Une remise en question

Au-delà de ce point de départ, Tout ce que tu possèdes suit surtout le parcours d'un homme qui, à l'aube de la quarantaine, remet en question ses principes. Pendant toute son existence, Pierre Leduc (Patrick Drolet) s'est jusqu'ici fait un devoir de ne s'attacher à rien ni personne, sinon à des livres écrits par les auteurs qu'il affectionne. Sa quête de dépouillement s'accélère au lendemain d'un long séjour en Pologne, pendant lequel il a refait le parcours du poète Edward Stachura, mort en 1979. Depuis son retour, Pierre se consacre à la traduction des oeuvres du poète suicidé. «Stachura est une icône en Pologne, mais il reste très peu connu à l'extérieur de son pays, explique Bernard Émond. Or, il se trouve que le poète est venu au Québec dans les années 70. Il a rencontré Gaston Miron et il a même traduit ses poèmes en polonais! J'avais envie de parler de littérature et de poésie, mais je me suis demandé comment montrer l'acte d'écrire au cinéma. C'est un défi. En faisant de Pierre un traducteur, ça rend la chose plus dynamique. Un traducteur travaille dans le concret. Il se lève pour aller fouiller dans un ouvrage, fera en sorte de rester fidèle à la pensée de l'auteur. L'acteur y est pour beaucoup aussi. Patrick est un acteur remarquable.»

Un nouveau tournant

La vie de Pierre prend pourtant un tournant le jour où une adolescente inconnue frappe à sa porte. Adèle (Willia Ferland-Tanguay) est sa fille, née d'une union furtive avec une femme dont il ne fut pas vraiment amoureux, avant même son départ pour le pays de Mickiewicz.

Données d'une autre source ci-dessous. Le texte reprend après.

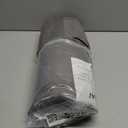 SCFOAMZAI Knee Pillow for Back Sleeping, Pain Relief Memory Foam Bolster for Legs, Under Knee & Bed, Roll Round Support Wedge, Half Moon Pillow Ideal for Massage Table, Grey (Standard)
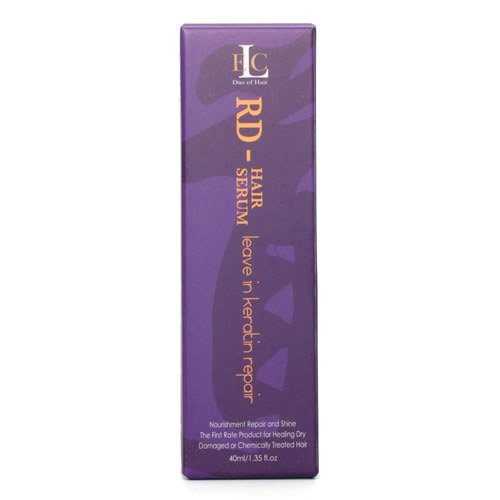ELC Dao of Hair Repair Serum - Keratin Treatment for Damaged Hair, 1.35 oz | Leave-In Conditioner for Dry, Frizzy & Color-Treated Hair | Perfect for Daily Use & Salon-Quality Results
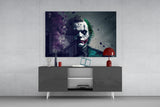 Joker Glass Wall Art  || Designer Collection.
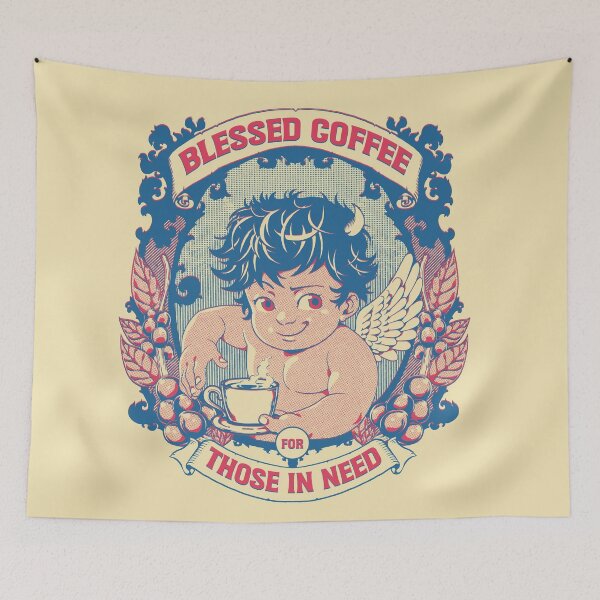 Item preview, Blessed Coffee designed and sold by Horta Studio.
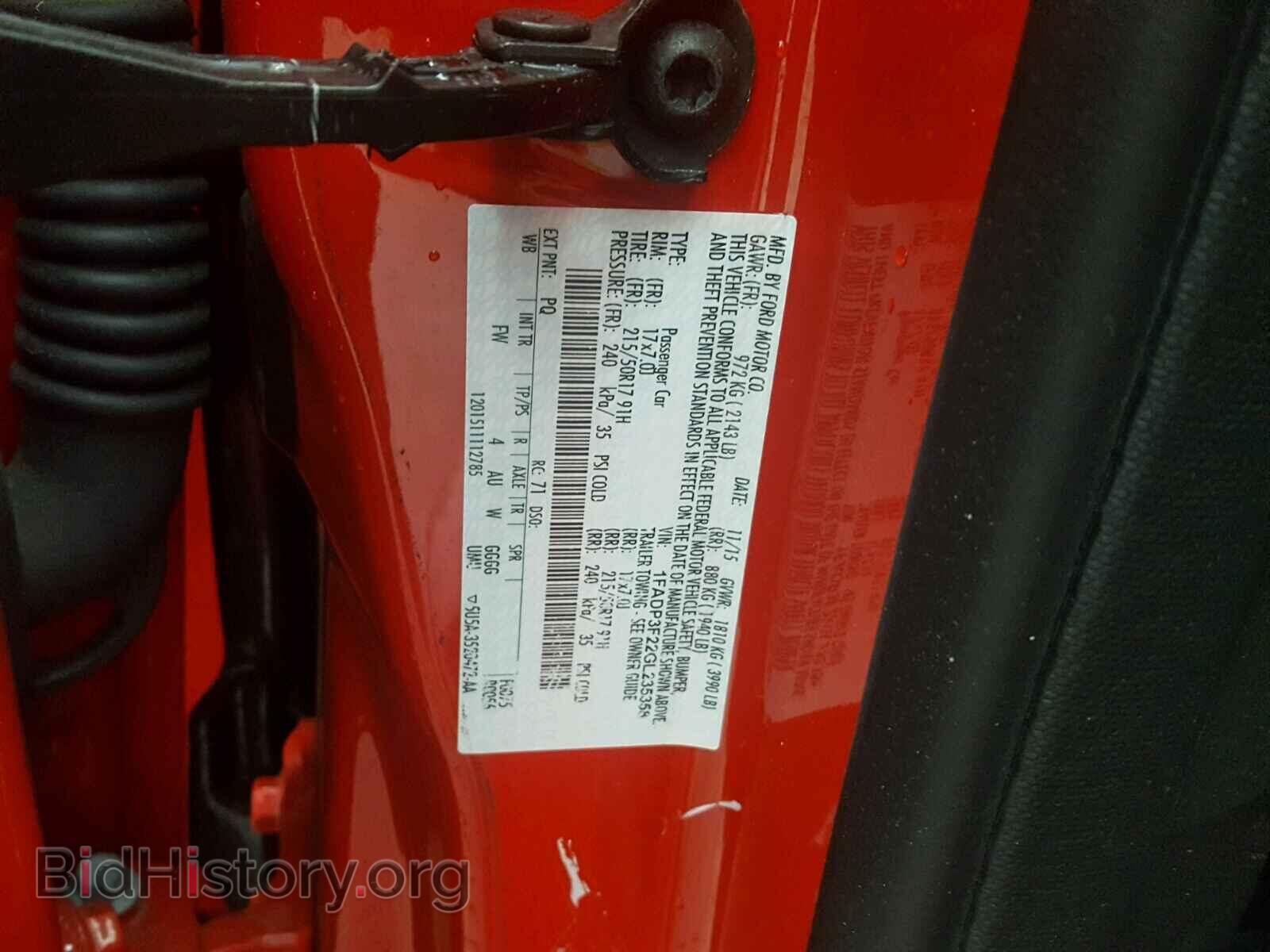 2016 FORD FOCUS - VIN: 1FADP3F22GL235358 - Photo 8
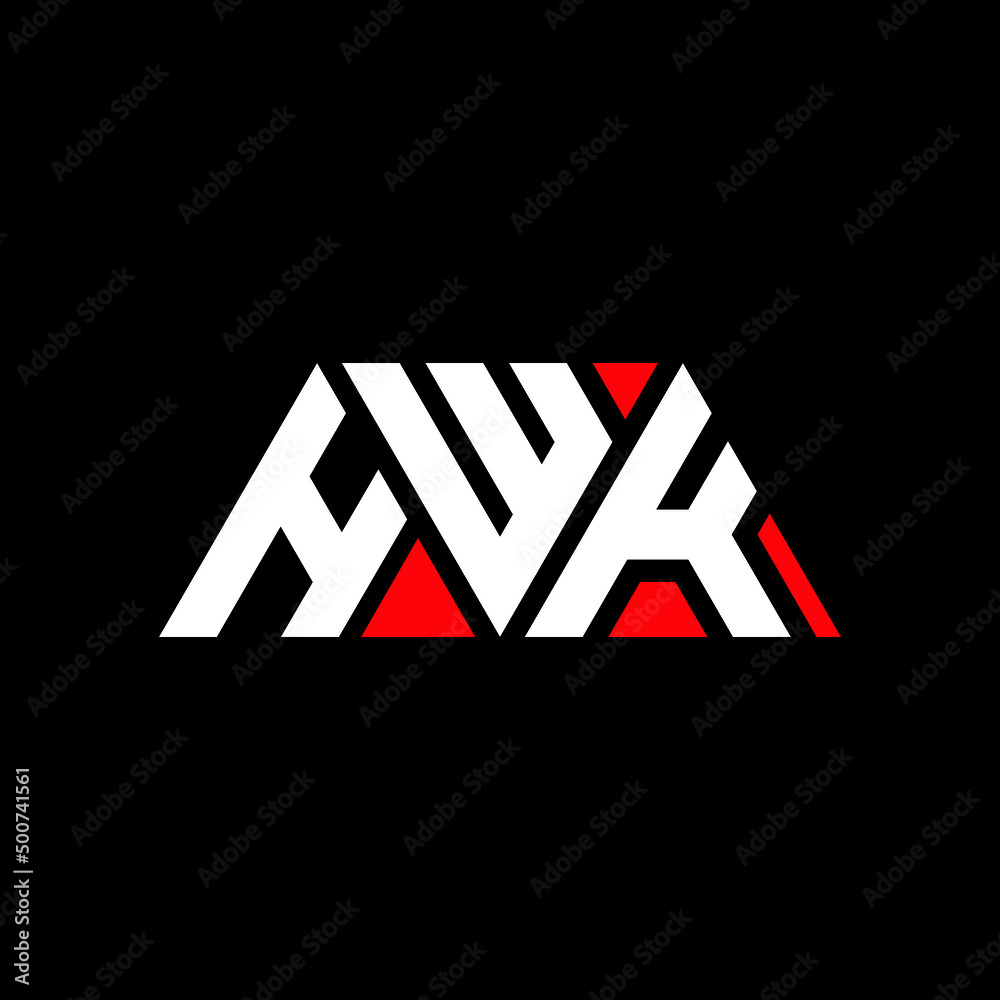 HWK triangle letter logo design with triangle shape. HWK triangle logo design monogram. HWK triangle vector logo template with red color. HWK triangular logo Simple, Elegant, and Luxurious Logo... HWK triangle letter logo design with triangle shape. HWK triangle logo design monogram. HWK triangle vector logo template with red color. HWK triangular logo Simple, Elegant, and Luxurious Logo...
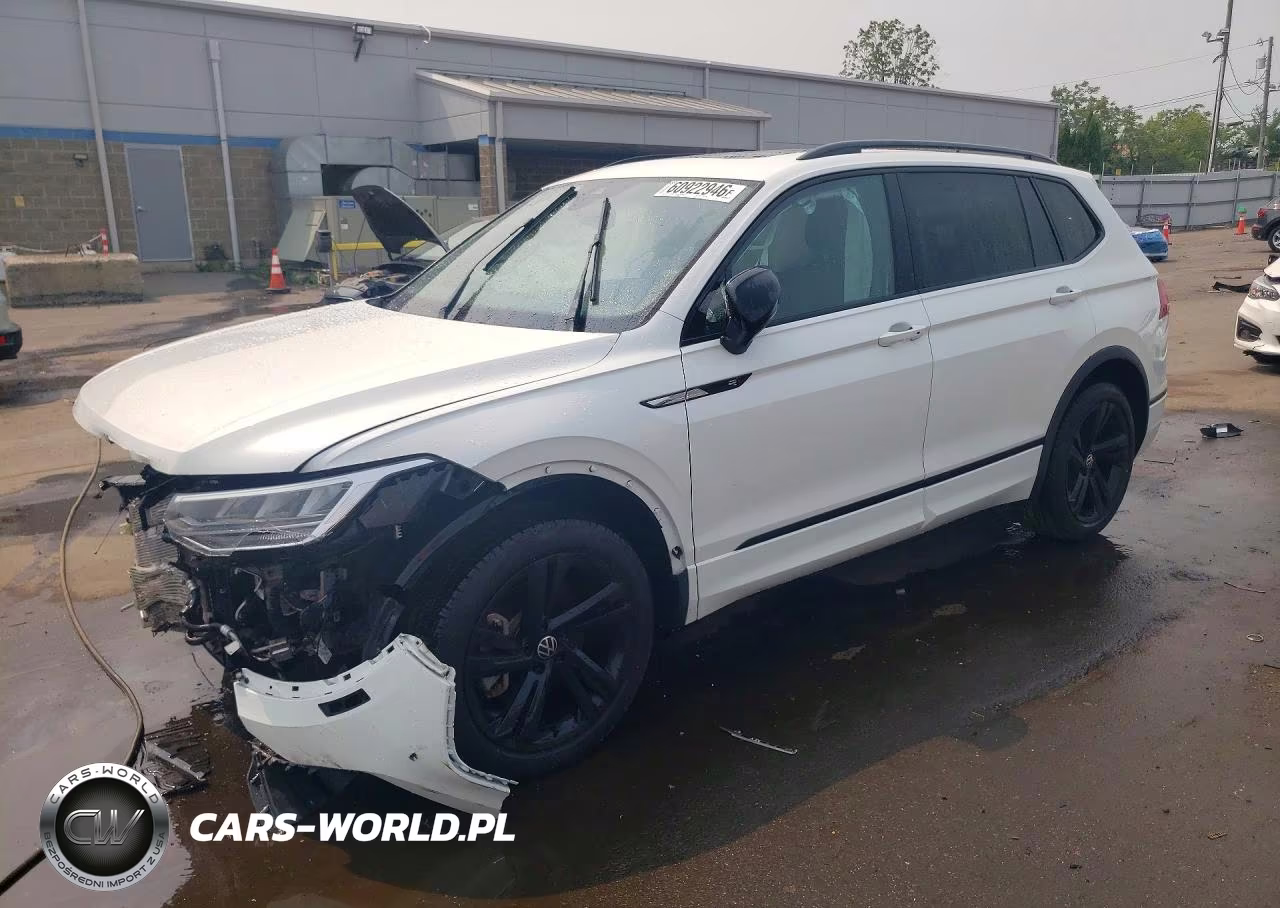 2023 Volkswagen Tiguan Se R-Line Black – zdjęcie 1 z 14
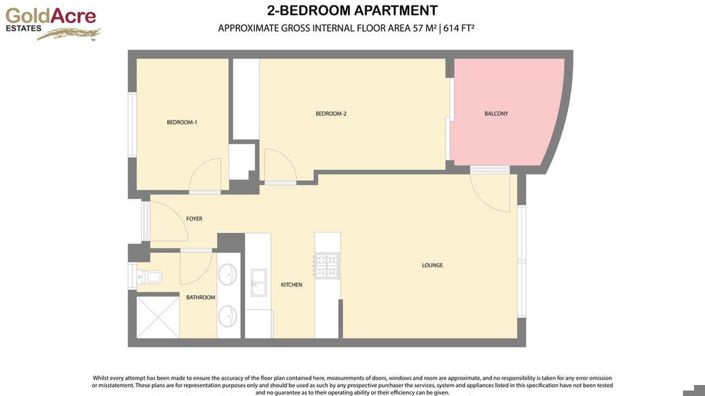 Image No.42-Appartement de 2 chambres à vendre à Playa Paraiso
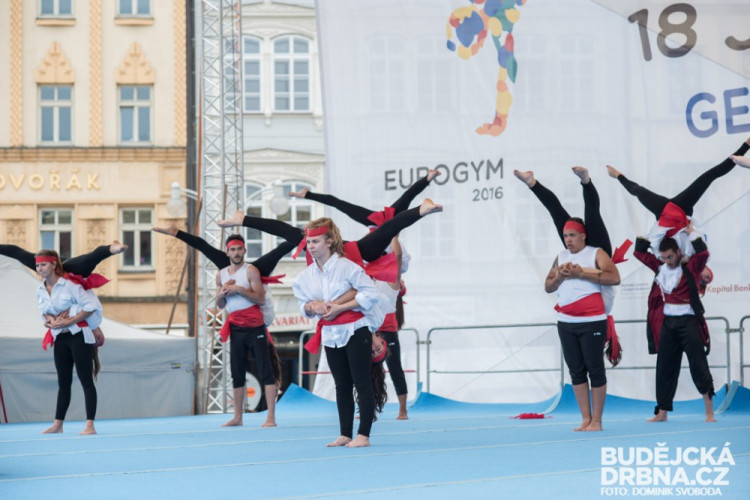 Eurogym 2016 - čtvrtek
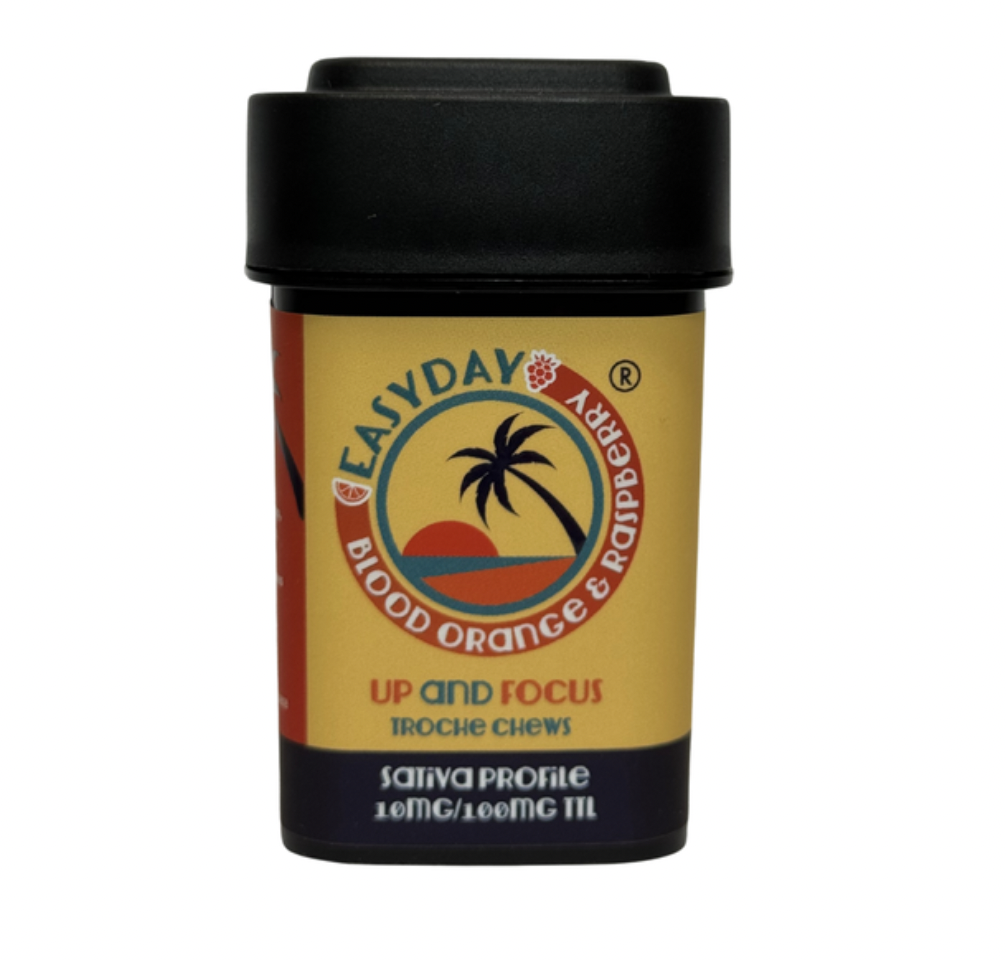 I Gummies I Sativa I Blood Orange and Raspberry I 10mg I 10 pieces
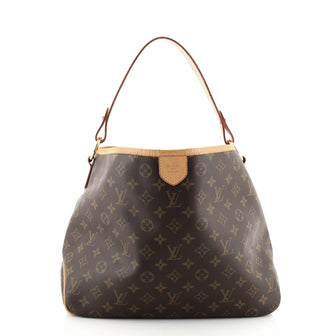 Louis Vuitton Delightful Handbag Monogram Canvas PM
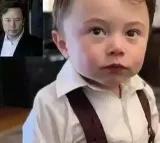 Elon Musk Reacts to AI Image Featuring Baby Musk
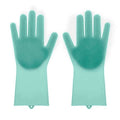 Silicone Scrubber Bristly Gloves by DailySale
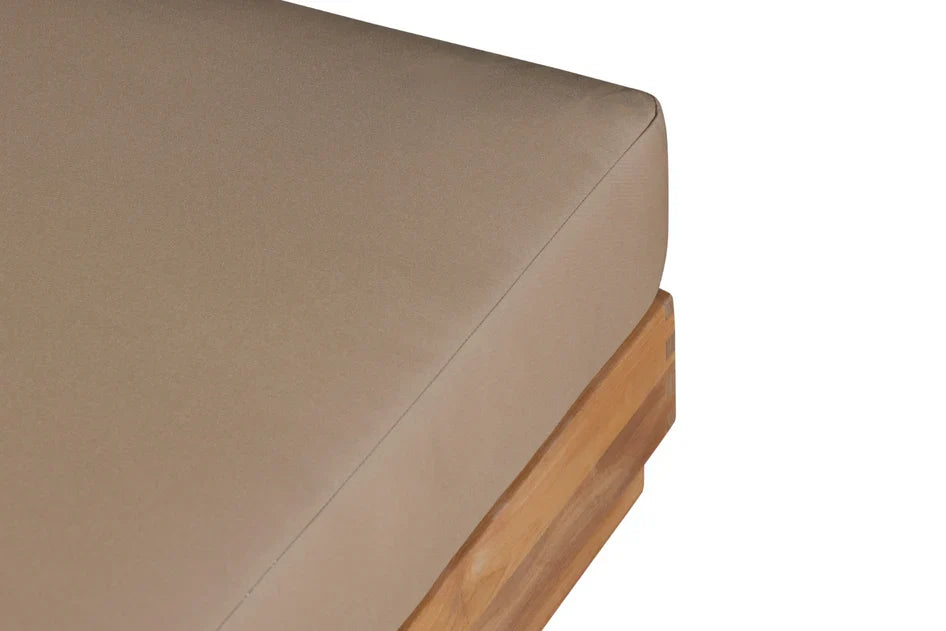 Imperial Grove Outdoor Solid Teak Wood Sofa Set
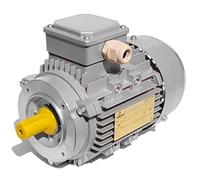 Moteur électrique triphasé 3 kW, 4 HP, 2800 tr/min, B14, MEC 90, 230/400V - Idéal pour les installations industrielles et les ateliers - SAMMA PARTS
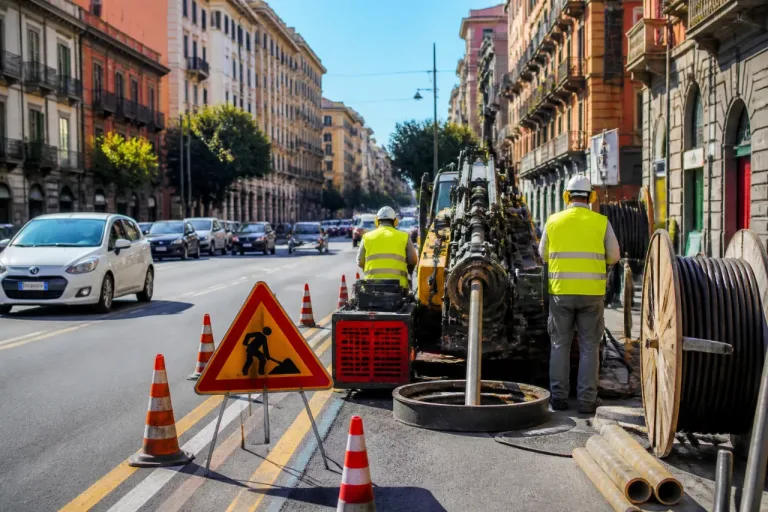 A Napoli le prime norme UNI per il 'trenchless': meno cantieri a cielo aperto e più sicurezza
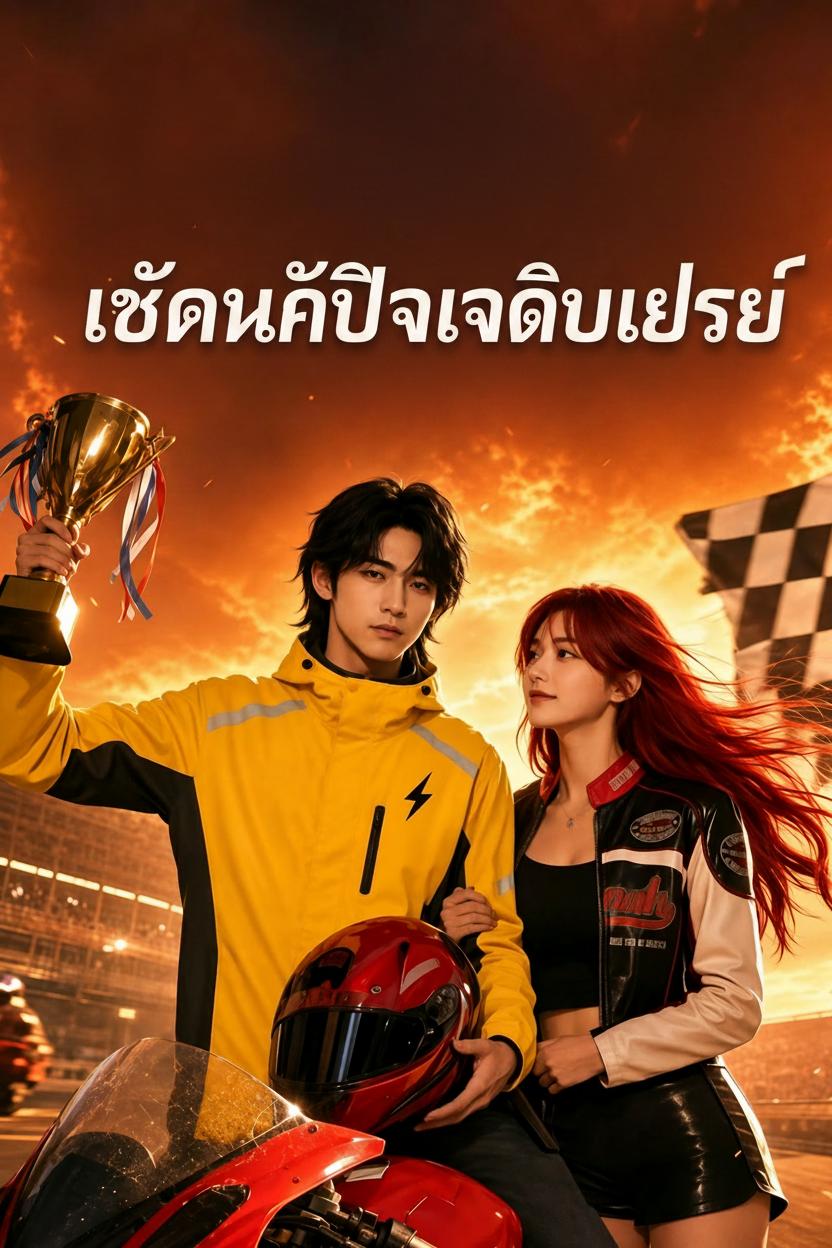 เทพนักซิ่งส่งอาหาร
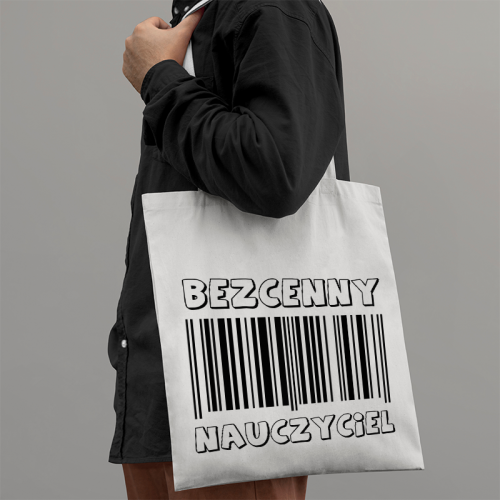 Torba bawełniana ecri...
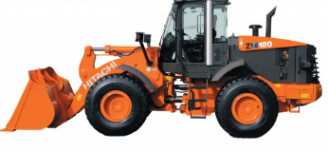Radlader Hitachi ZW180 Plauen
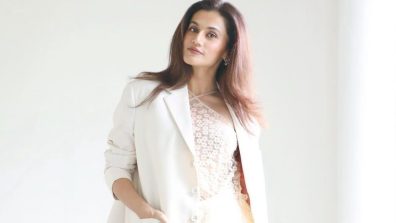 “I’ll just enjoy a crazy August” says Taapsee Pannu, Deets inside on why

«Je n'ai pas voulu faire de Pierre un personnage vertueux», fait remarquer le cinéaste, qui propose ici sa première offrande post-trilogie (La neuvaineContre toute espérance et La donation). «Il s'est isolé de tout, mais voit enfin une occasion de se raccrocher à l'humanité à travers cette fille inconnue, dont il soupçonnait peut-être l'existence, mais qu'il n'aurait jamais voulu reconnaître.»

S'il admet volontiers être à contre-courant dans «l'industrie culturelle», Bernard Émond trouve réconfort à l'idée de pouvoir compter sur un public fidèle. «À contre-courant, oui, certainement, dit-il. Mais je ne suis pas tout seul. Mes films n'ont rien de difficile, mais il faut quand même accepter d'entrer dans un certain style. Je constate que plusieurs jeunes cinéastes québécois partagent cette esthétique. Et je suis impressionné par l'étendue de leur culture cinématographique, tout comme celle du public, d'ailleurs. À force de voyager avec les films, on constate qu'il existe partout des cinéphiles qui partagent une même communauté d'esprit et qui ont envie d'autre chose que des productions tapageuses destinées aux complexes multisalles.»

Tout ce que tu possèdes prend l'affiche le 2 novembre.